Relying on these rose-colored promises, Black Hawk spent the winter on the west bank of the Mississippi, recruiting his band, and on the 6th of April, 1832, crossed the great river at Yellow Banks, below the mouth of the Rock. Thus he invaded the State of Illinois, in the face of his solemn treaty of the year before. With him were his second in command, Neapope, a wily scoundrel, who was White Cloud's tool, and about five hundred Sac warriors with their women and children, and all their belongings. Their design was to carry out the advice of the Prophet, in regard to the corn planting, and if possible to take up the hatchet in the autumn.

But it became evident to Black Hawk, before he reached the Prophet's town, that the main body of the Pottawattomies, now controlled by the peace loving Chief Shaubena, did not intend to go to war; and that the rascally Winnebagoes, while cajoling him, were preparing as usual to play double. He tells us in his autobiography that, crestfallen, he was planning to return peacefully to the west side of the Mississippi, when of a sudden he became aware that the whites had raised an army against him, and he was confronted with a war not in the time and manner of his asking.

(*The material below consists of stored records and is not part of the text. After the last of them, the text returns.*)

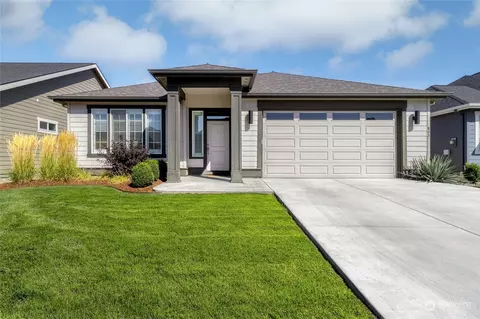 633 SE Whimbrel Loop, College Place, WA 99324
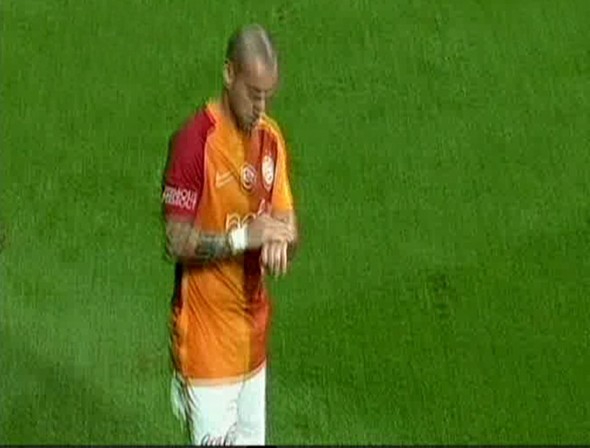 Sneijder sahaya atılan parayla bakın ne yaptı?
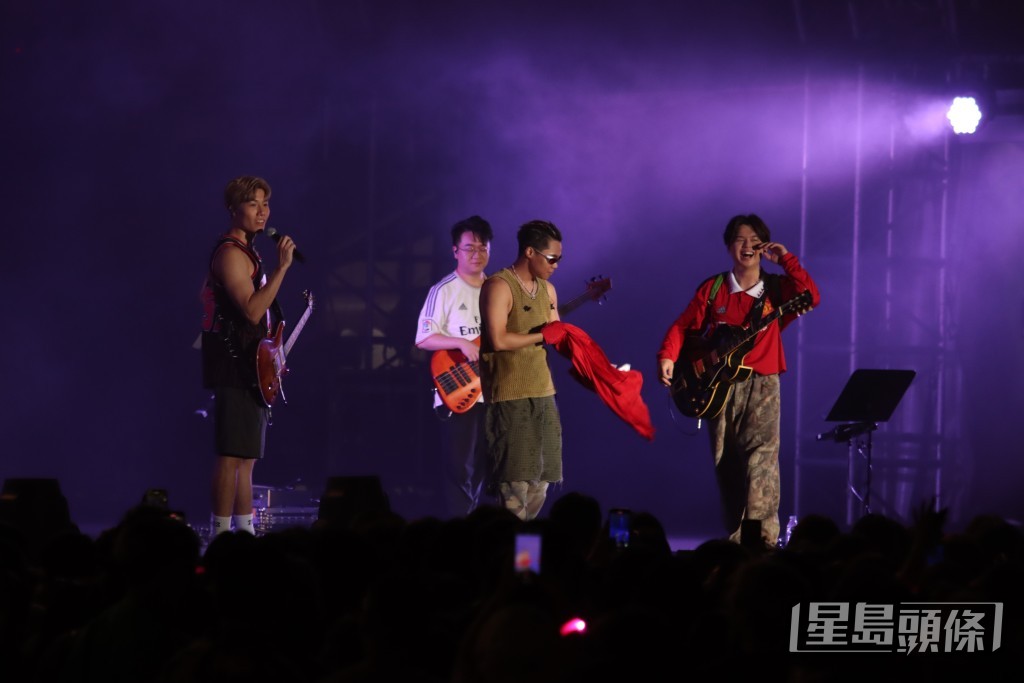 Gareth.T演唱期間更除下POLO衫曬出背心。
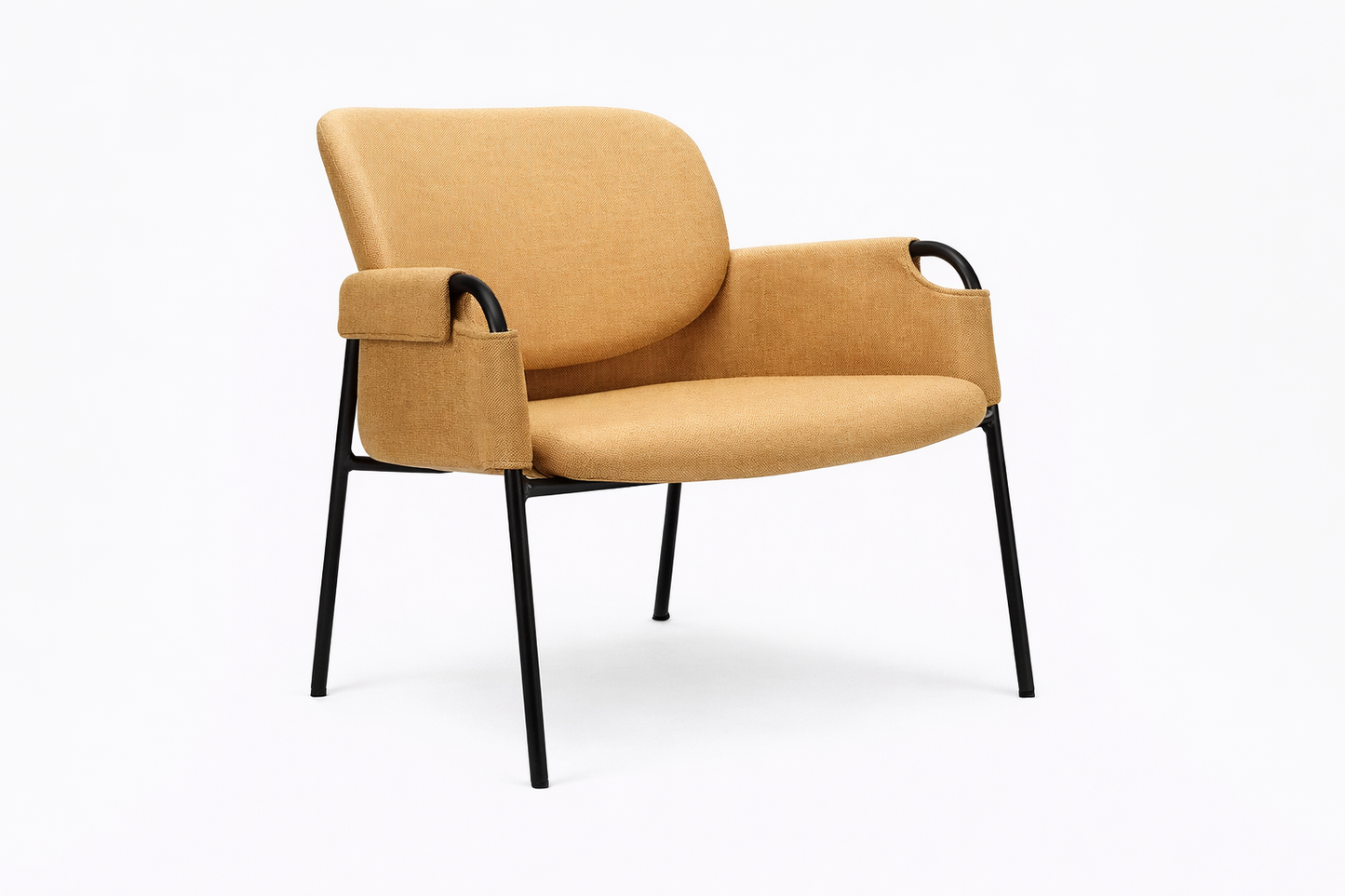Soft Seating Clo tapizado con estructura metálica negra y apoyabrazos integrados, ideal para recepciones y espacios modernos.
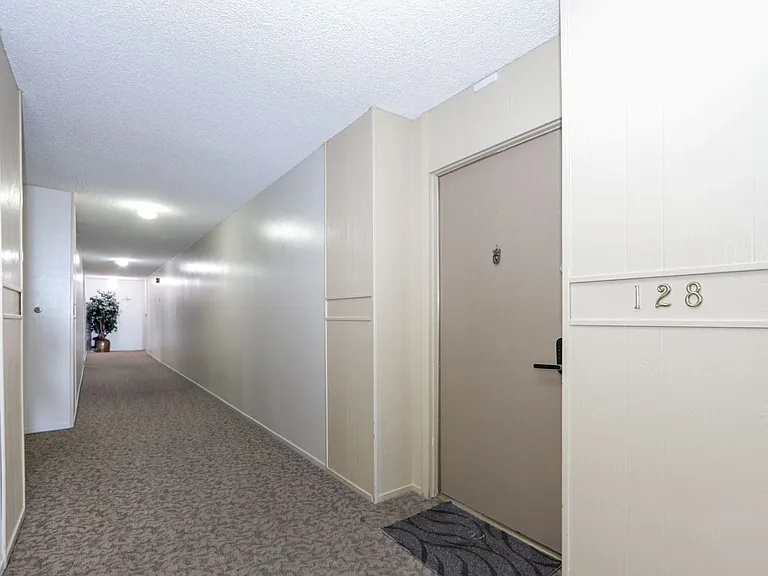 380 Vallejo Dr #128 — Photo 3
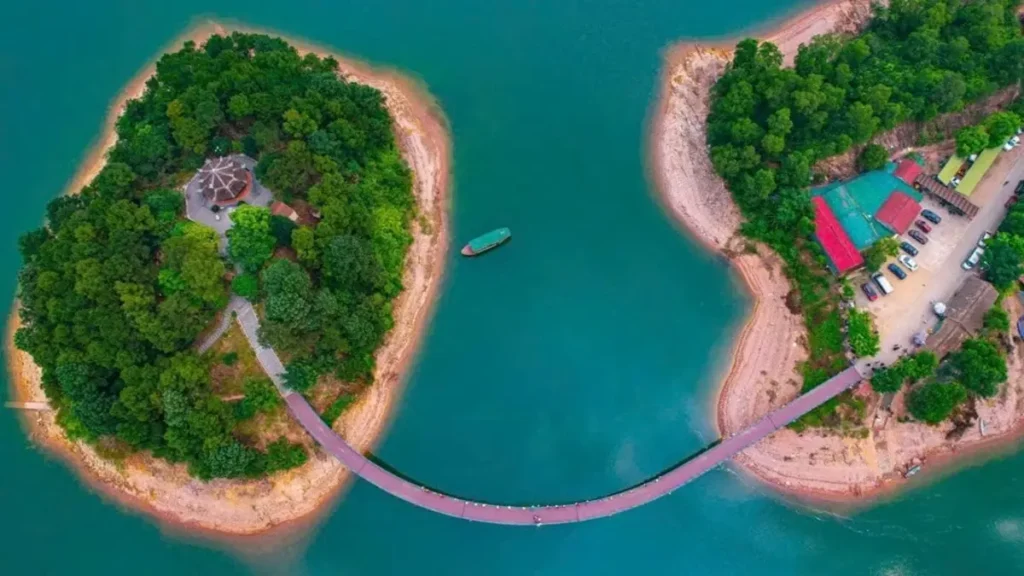 Ke Go Nature Reserve Lake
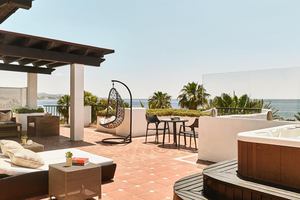 Royal Beach Suite
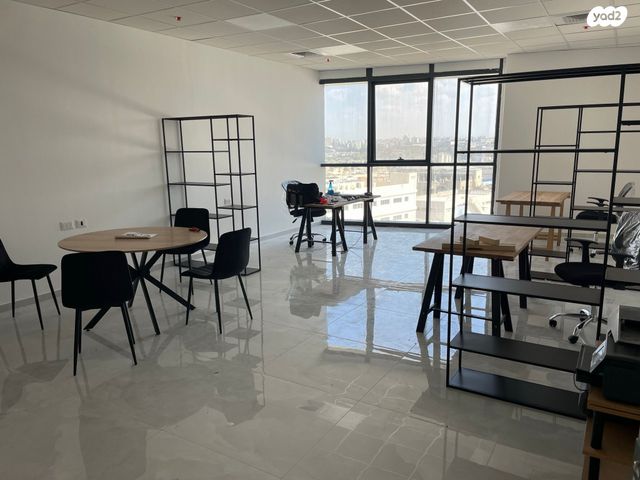 משרדים, פאול גרונינגר, מב"ת מערב, אזור תעשייה חדש, ראשון לציון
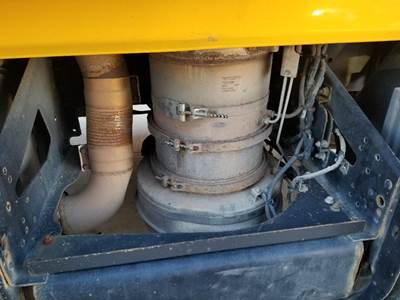 Volvo D13 DPF Assembly for a Volvo VNL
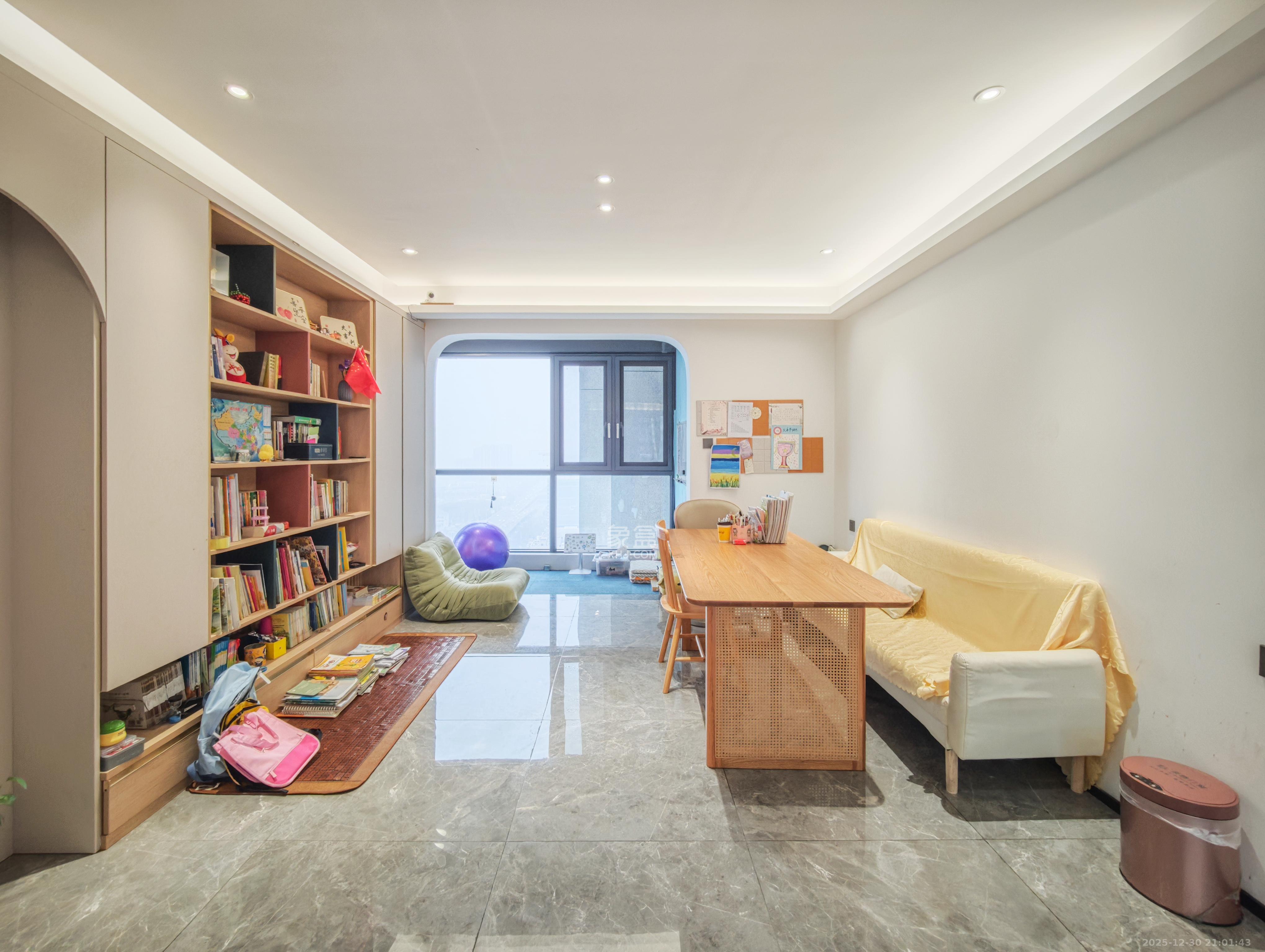 万科魅力之城  4室2厅2卫    165.0万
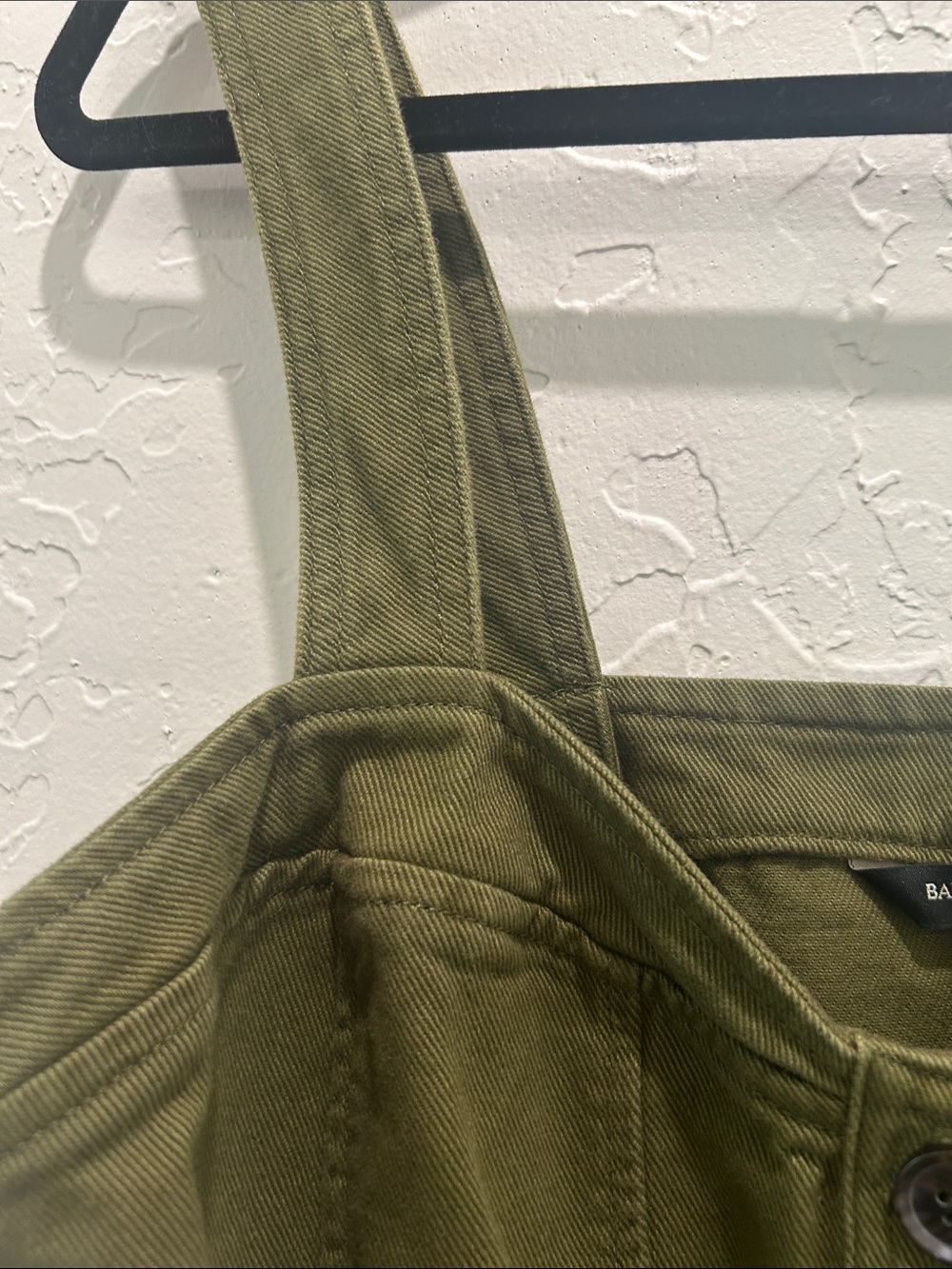 Olive Green Button-Front Sleeveless Dress - Picture 3 of 4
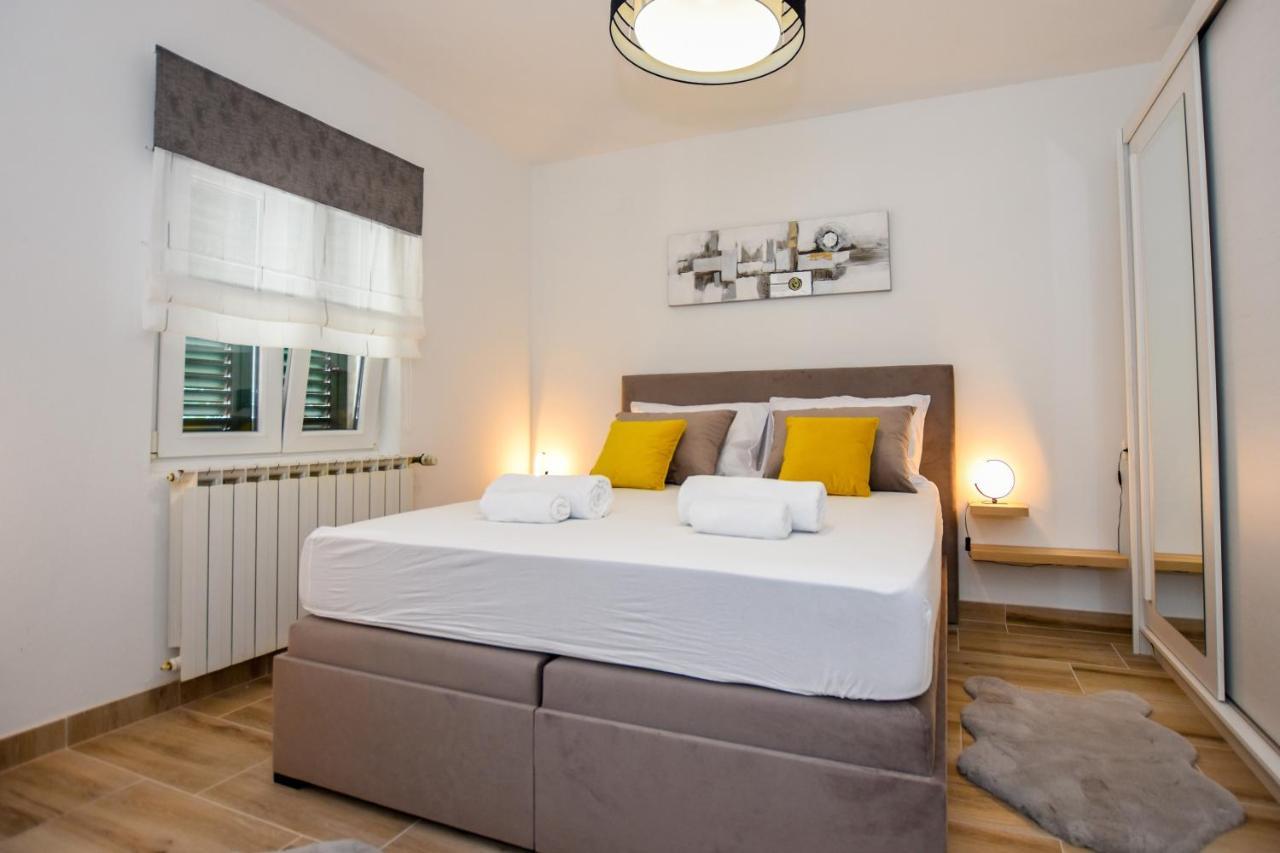 Apartment Plazibat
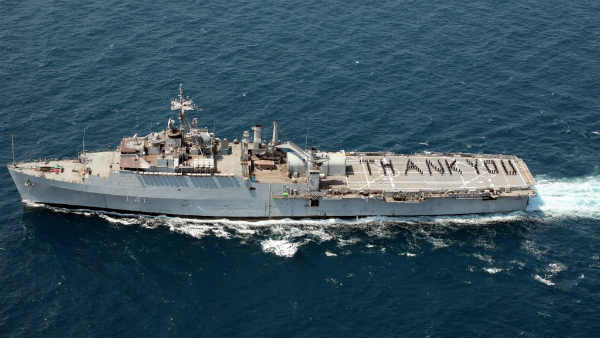 अमेरिका से खरीदा गए INS जलाश्‍व पर आ सकते हैं 1000 लोग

The news of his second invasion had spread like wildfire throughout the Illinois and Wisconsin settlements. The United States was appealed to for a regiment of troops; and meanwhile, under another fiery proclamation from the governor of Illinois, an army of eighteen hundred militiamen was quickly mustered. Amid intense popular excitement, during which many settlers fled from the country, and others hastily threw up log forts, the army was mobilized by General Atkinson, who appeared at the rendezvous with three hundred regulars. There were many notable men upon this expedition: Abraham Lincoln, then a rawboned young fellow, was captain of a company of Illinois rangers; Zachary Taylor, famous for his bluff manner, was a colonel of regulars; and Jefferson Davis, who was wooing Taylor's daughter, was one of his lieutenants; also of the regulars, was Major William S. Harney, afterward the hero of Cerro Gordo in the Mexican War; and the mustering-in officer was Lieutenant Robert Anderson, who was to become famous in connection with Fort Sumter.